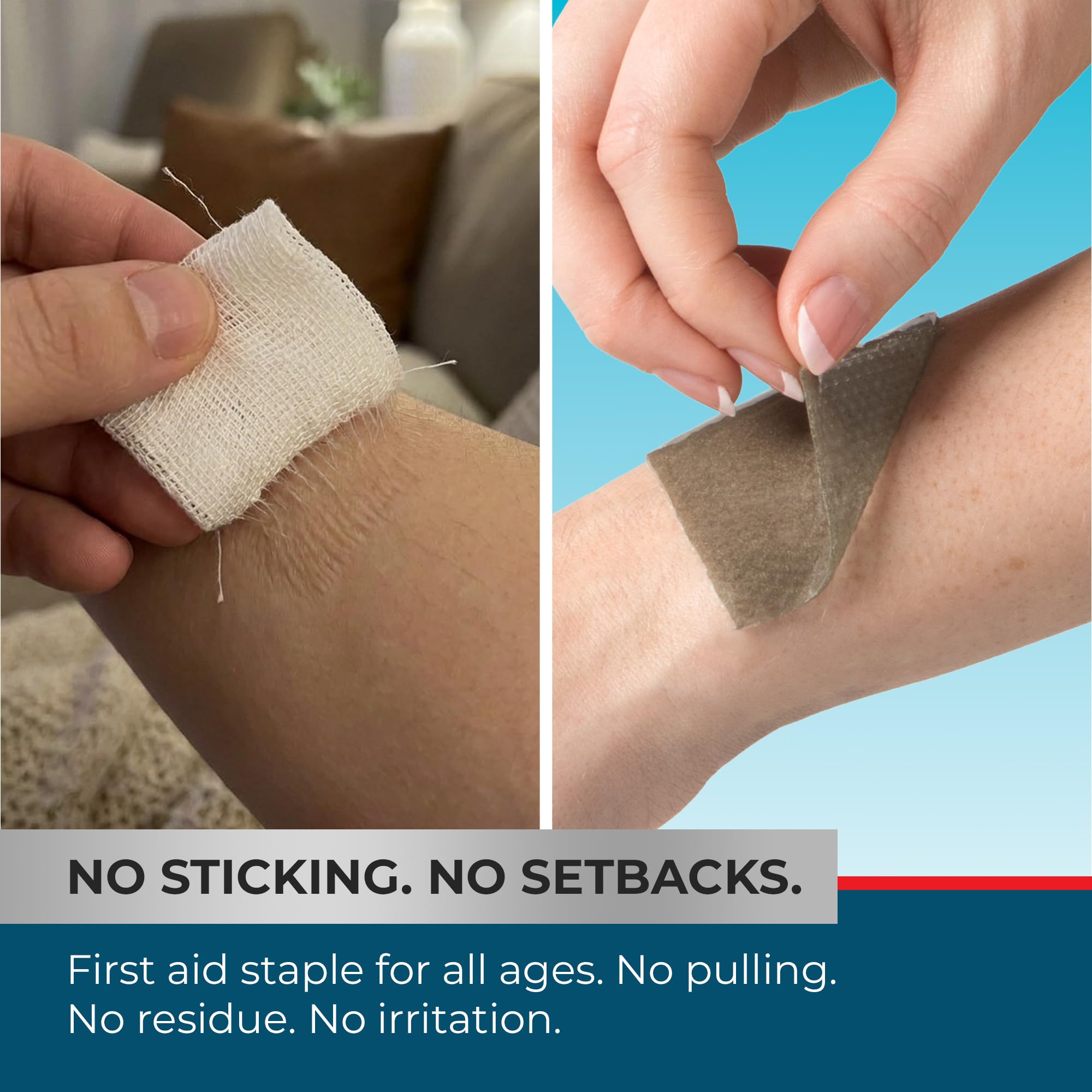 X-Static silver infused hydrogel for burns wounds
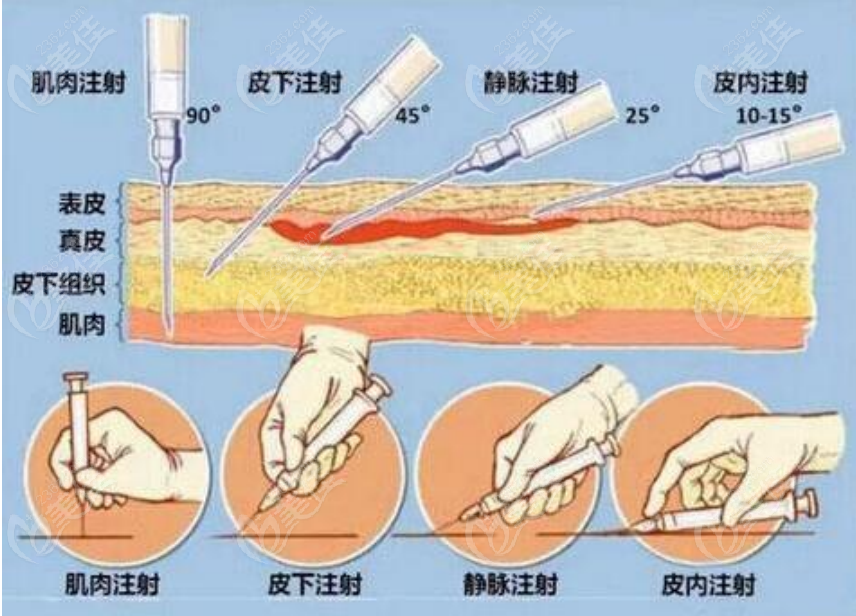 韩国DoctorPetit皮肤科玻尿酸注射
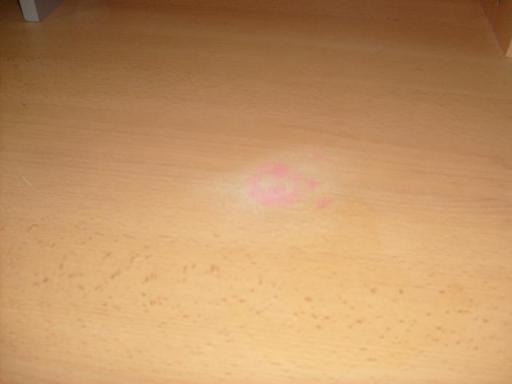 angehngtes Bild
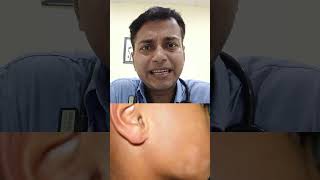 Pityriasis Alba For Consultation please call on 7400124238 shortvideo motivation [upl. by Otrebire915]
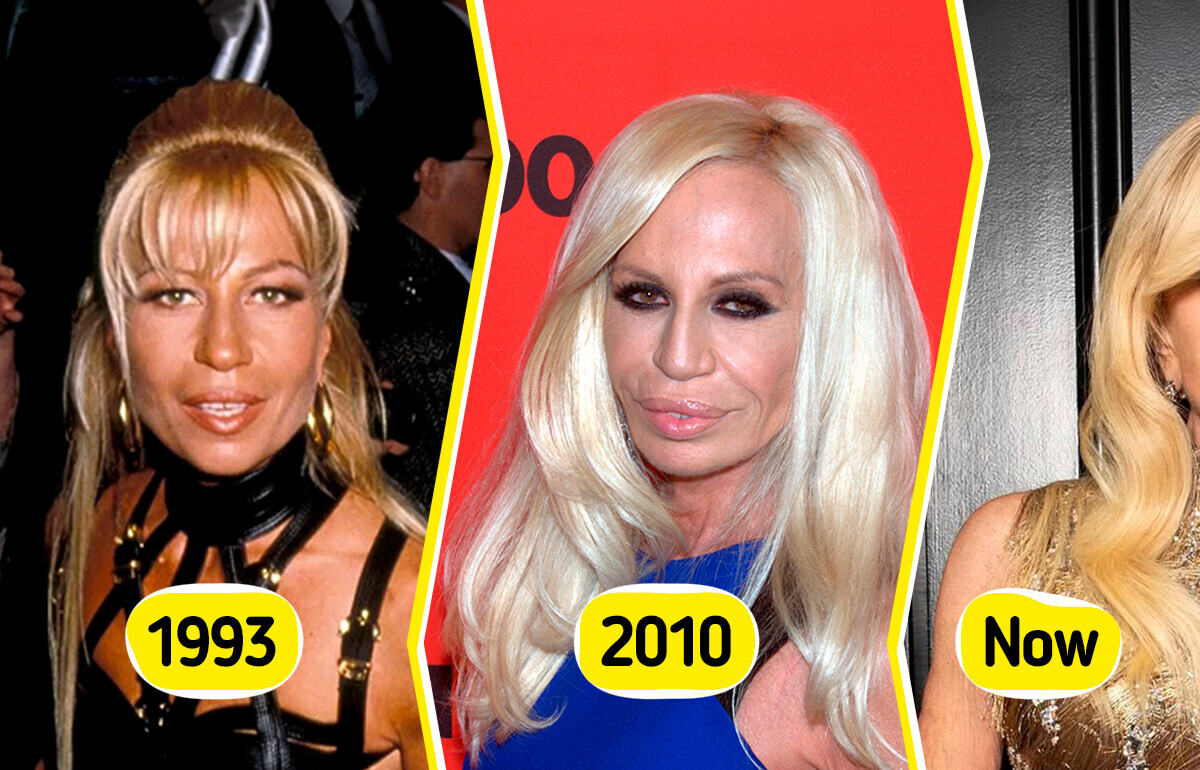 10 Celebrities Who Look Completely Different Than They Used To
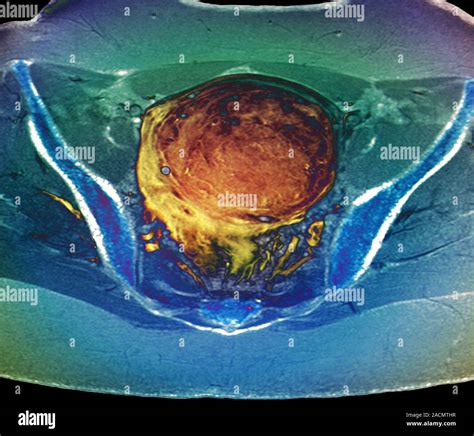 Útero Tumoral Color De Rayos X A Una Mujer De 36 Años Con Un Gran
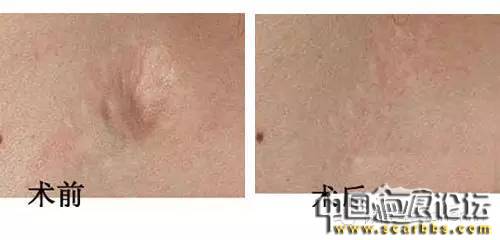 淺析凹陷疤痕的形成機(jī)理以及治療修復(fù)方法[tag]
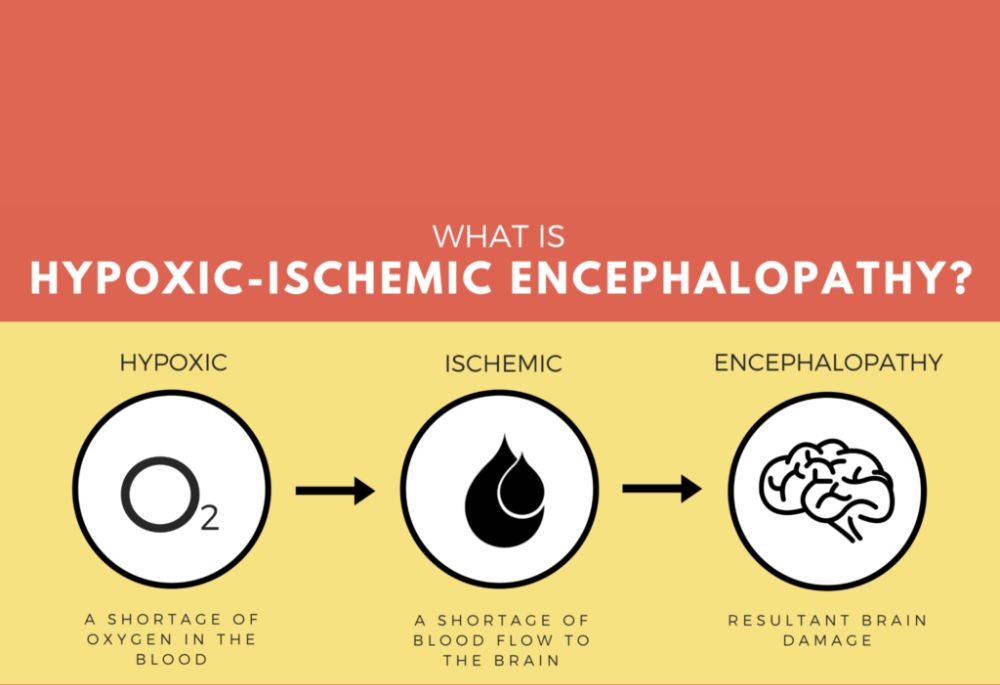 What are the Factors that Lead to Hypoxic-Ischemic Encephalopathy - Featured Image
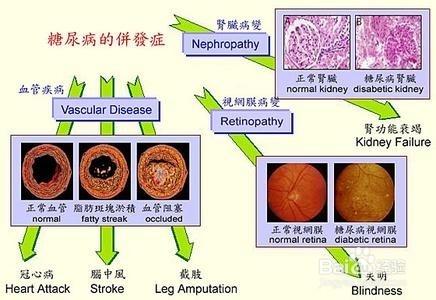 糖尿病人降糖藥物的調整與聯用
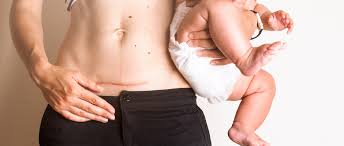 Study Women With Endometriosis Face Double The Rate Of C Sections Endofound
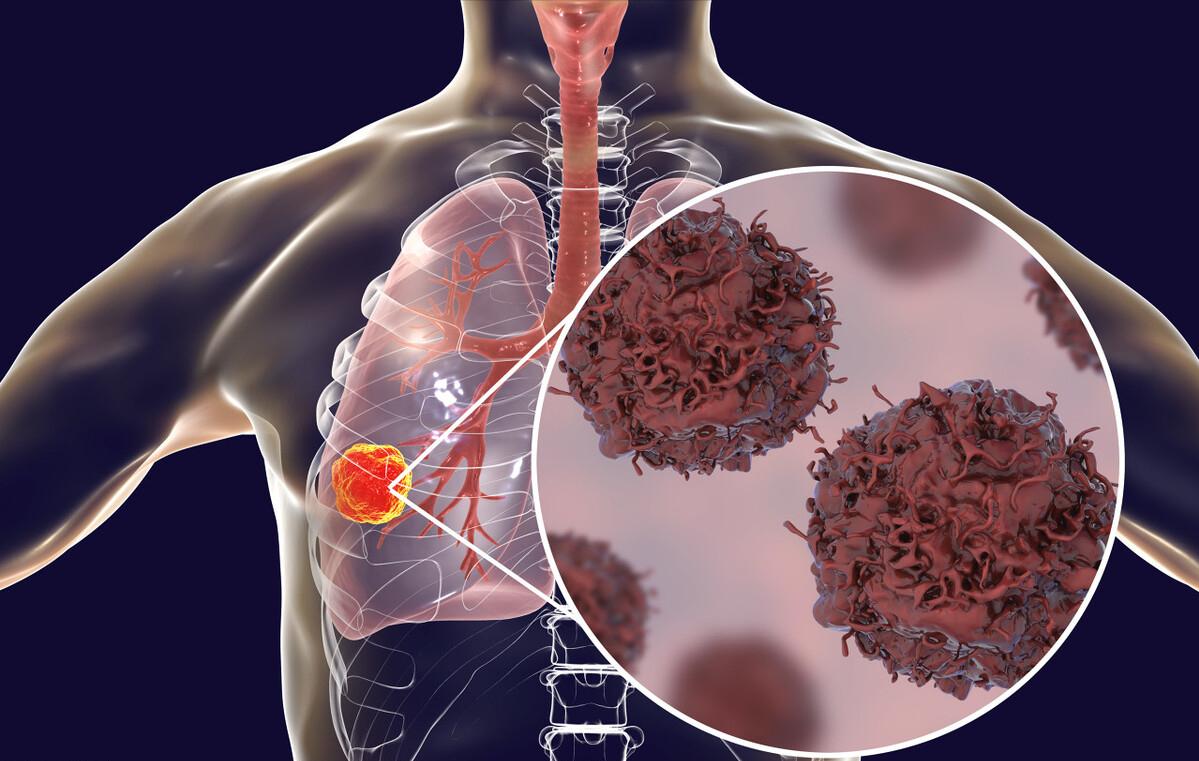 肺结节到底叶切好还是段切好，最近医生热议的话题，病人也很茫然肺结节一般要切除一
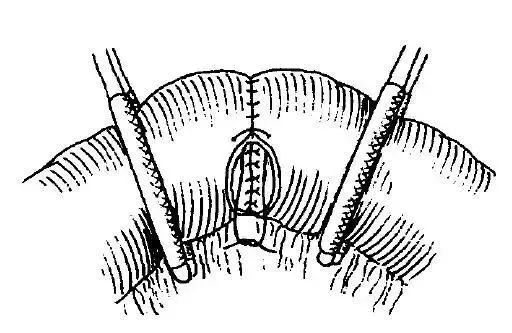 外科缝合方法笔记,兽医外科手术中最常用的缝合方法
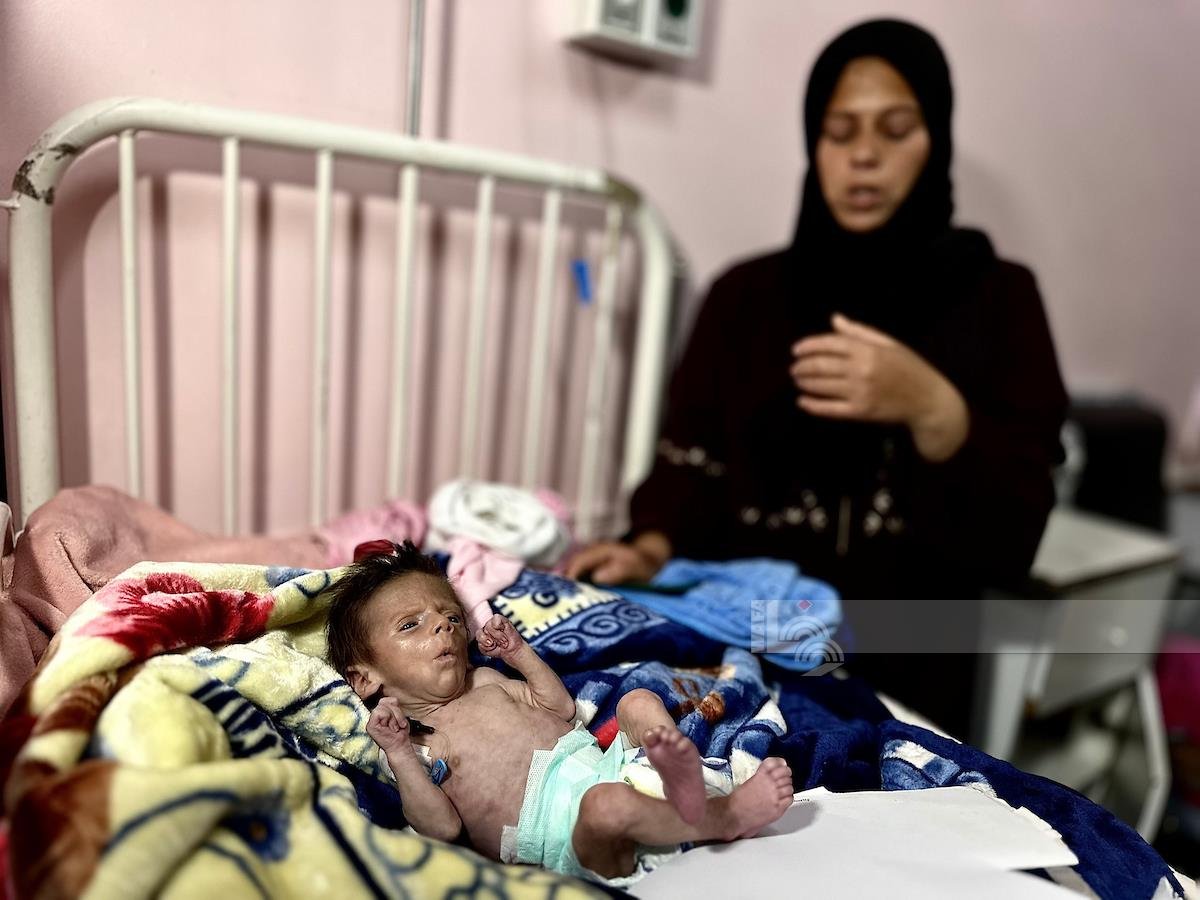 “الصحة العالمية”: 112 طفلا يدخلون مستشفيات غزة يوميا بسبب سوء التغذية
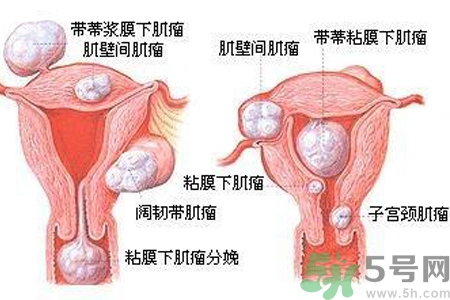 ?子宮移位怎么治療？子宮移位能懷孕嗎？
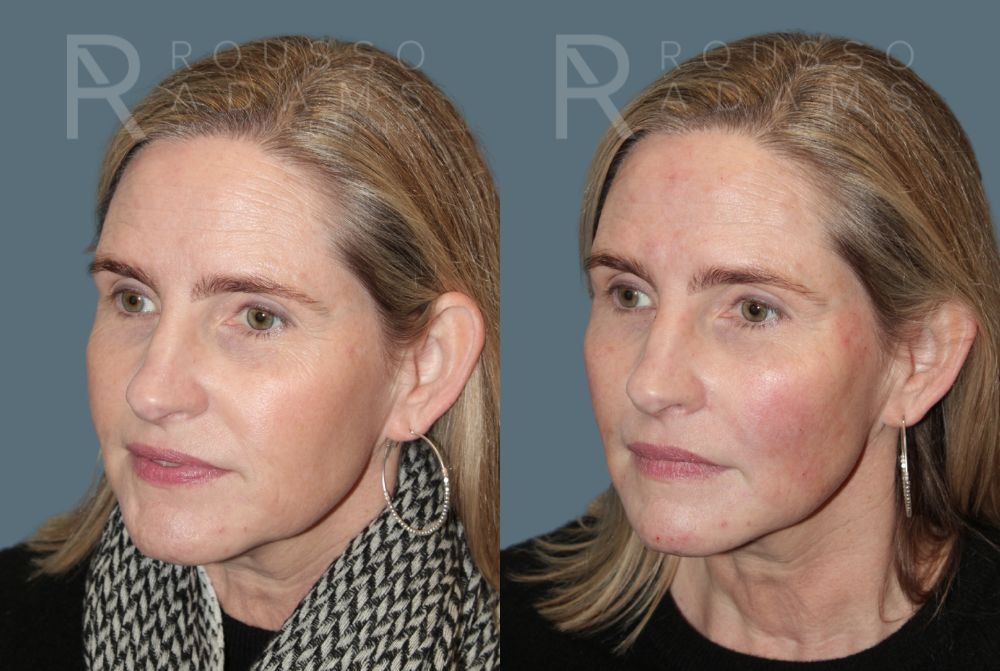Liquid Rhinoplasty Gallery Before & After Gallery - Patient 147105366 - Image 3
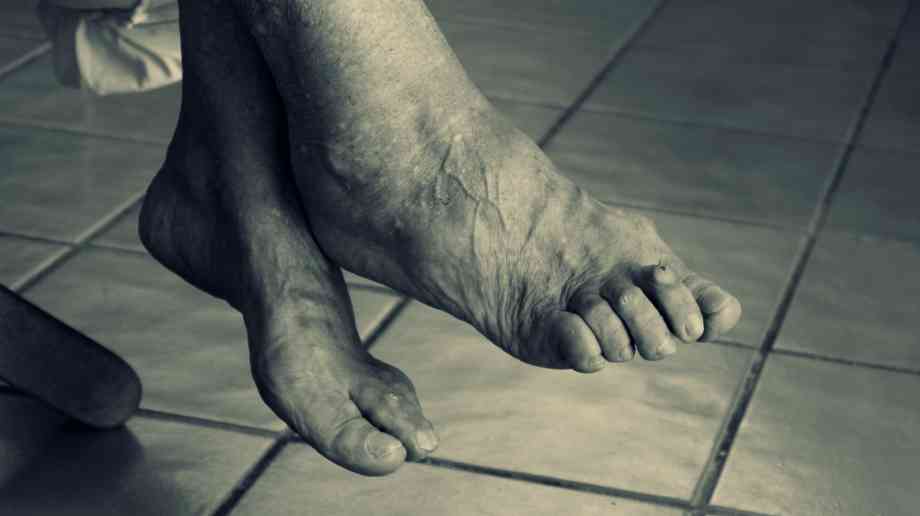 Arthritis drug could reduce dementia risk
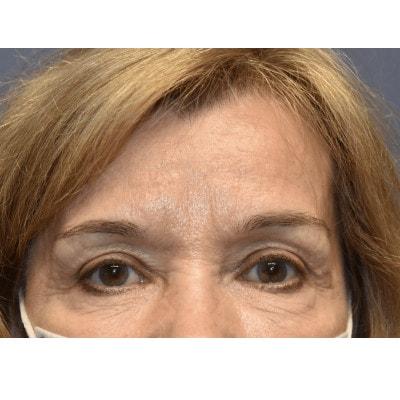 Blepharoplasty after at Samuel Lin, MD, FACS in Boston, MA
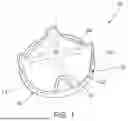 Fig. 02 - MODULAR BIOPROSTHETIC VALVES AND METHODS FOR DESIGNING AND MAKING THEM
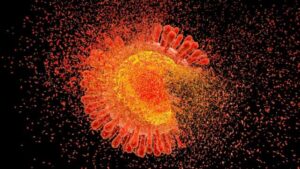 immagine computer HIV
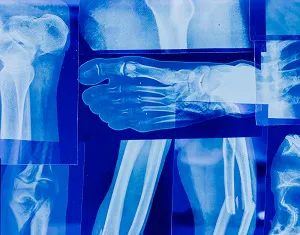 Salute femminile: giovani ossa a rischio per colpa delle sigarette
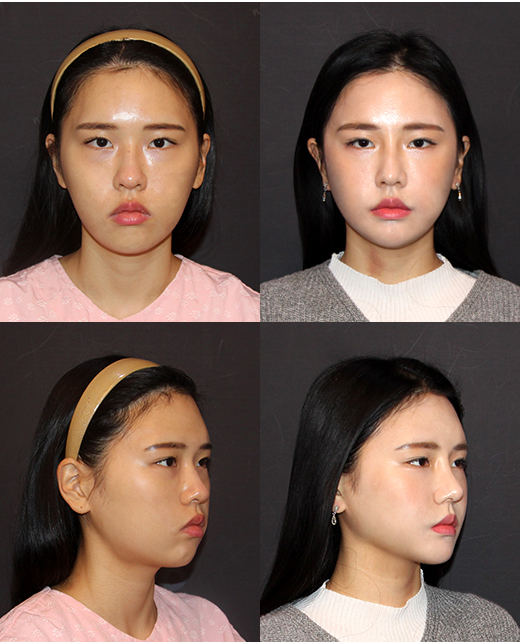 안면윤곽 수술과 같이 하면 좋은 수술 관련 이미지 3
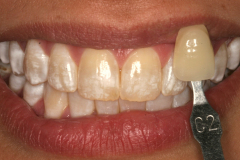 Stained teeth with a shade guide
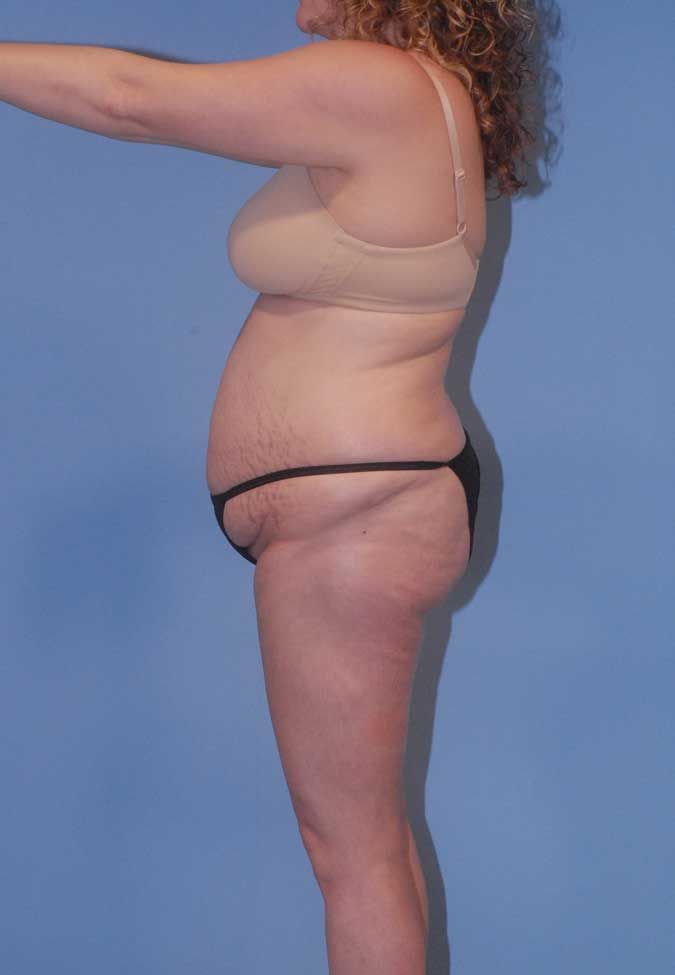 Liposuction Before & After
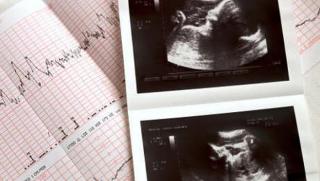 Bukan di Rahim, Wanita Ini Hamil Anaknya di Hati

Task prompt: Please transcribe the lines from the one containing "肺结节到底叶切好还是段切好，最近医生热议的话题，病人也很茫然肺结节一般要切除一" to the last line of the listing, both included, exactly and with nothing added, leaving every picture out.

Result:
 肺结节到底叶切好还是段切好，最近医生热议的话题，病人也很茫然肺结节一般要切除一
 外科缝合方法笔记,兽医外科手术中最常用的缝合方法
 “الصحة العالمية”: 112 طفلا يدخلون مستشفيات غزة يوميا بسبب سوء التغذية
 ?子宮移位怎么治療？子宮移位能懷孕嗎？
Liquid Rhinoplasty Gallery Before & After Gallery - Patient 147105366 - Image 3
 Arthritis drug could reduce dementia risk
 Blepharoplasty after at Samuel Lin, MD, FACS in Boston, MA
 Fig. 02 - MODULAR BIOPROSTHETIC VALVES AND METHODS FOR DESIGNING AND MAKING THEM
 immagine computer HIV
 Salute femminile: giovani ossa a rischio per colpa delle sigarette
 안면윤곽 수술과 같이 하면 좋은 수술 관련 이미지 3
 Stained teeth with a shade guide
 Liposuction Before & After
 Bukan di Rahim, Wanita Ini Hamil Anaknya di Hati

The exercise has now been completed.